Bintan, Aktual.com – Anggota Komisi IX DPR RI Itet Tridjajati Sumarijanto mengungkapkan keprihatinan atas maraknya pemanfaatan tenaga kerja anak (child labour) di Kabupaten Pulau Bintan, Kepulauan Riau. Ia menyoroti serius masalah ini, di mana sejak usia 15 tahun para anak tersebut sudah banyak dipekerjakan di berbagai bidang.
“Terutama kalau dilihat dari segi tenaga kerja. Tenaga kerja anak usia 15 tahun, itu masuk ke dalam usia tenaga kerja.

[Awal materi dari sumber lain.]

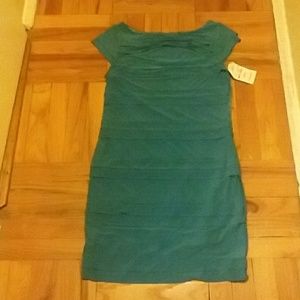 BRAND NEW MaxandCleo layered dress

Nah, padahal 15 tahun itu kalau dilihat masih SMP,” ujar Itet Tridjajati Sumarijanto usai mengikuti Rapat Kunjungan Kerja Masa Reses Komisi IX DPR RI di Kabupaten Bintan, Provinsi Kepulauan Riau, Rabu (28/2).
Lebih lanjut, kata Itet, menegaskan bahwa pada usia tersebut, seharusnya anak-anak masih berada di bangku sekolah dan membutuhkan bimbingan untuk menumbuhkan kemampuan berpikir kritis. Hal ini dilihat dari kurangnya keterbukaan dalam penyediaan data terkait jenis pekerjaan yang dilakukan oleh anak-anak usia tersebut.
“Jadi (Pemda Bintan) tidak menjelaskan, 15 tahun itu kerja apa. Apa dia tukang sapu, apa dia tukang lap-lap saja, atau di restoran cuci piring,” tegasnya.
Legislator Dapil Lampung itu menilai bahwa Pulau Bintan yang memiliki potensi pariwisata yang luar biasa seharusnya mampu memberikan perhatian khusus terhadap pendidikan dan pengembangan Sumber Daya Manusia (SDM). Dia menyebut pentingnya menciptakan lingkungan yang mendukung inovasi dan kreativitas bagi anak-anak di daerah tersebut.
“Itu potensi untuk kita bersaing, apalagi mereka itu bersaing dalam kepariwisataan. Mereka mengunggulkan itu, sebagai sumber daya alam. jadi sumber dayanya (resource). Itu bisa ditingkatkan dengan Sumber Daya Manusia (SDM)-(SDM) itu,” ujarnya.
Politisi Fraksi Partai PDI-Perjuangan mengungkapkan kekecewaannya terhadap minimnya partisipasi dalam bidang pendidikan di Pulau Bintan. Ia mengatakan rendahnya minat masyarakat untuk mendaftarkan anak-anaknya ke sekolah karena alasan jarak dan kurangnya keterampilan berpikir inovatif.
“Saya kira Sumber Daya Manusia (SDM) kita harus ditingkatkan. Apalagi 60 persen dari mereka adalah SMP,” ucapnya.
Kendati demikian, Itet menyoroti pentingnya pemilihan umum yang berlangsung dengan jujur dan adil, namun dirinya mengekspresikan ketidakpercayaannya terhadap partisipasi politik dari mereka yang kurang teredukasi. Dengan demikian, dia berharap perlu adanya tindakan konkret untuk memastikan pendidikan dan perlindungan anak di wilayah tersebut.
“Kita bermimpi, politik serta pemilihan umum (pemilu) yang Luber Jurdil, yang bisa hati nurani. Nah, kalau yang 60 persen SMP yang memilih (malah jadi tenaga kerja anak), maka tidak bisa diharapkan (Pemilu Jurdil dan Luber),” tutupnya.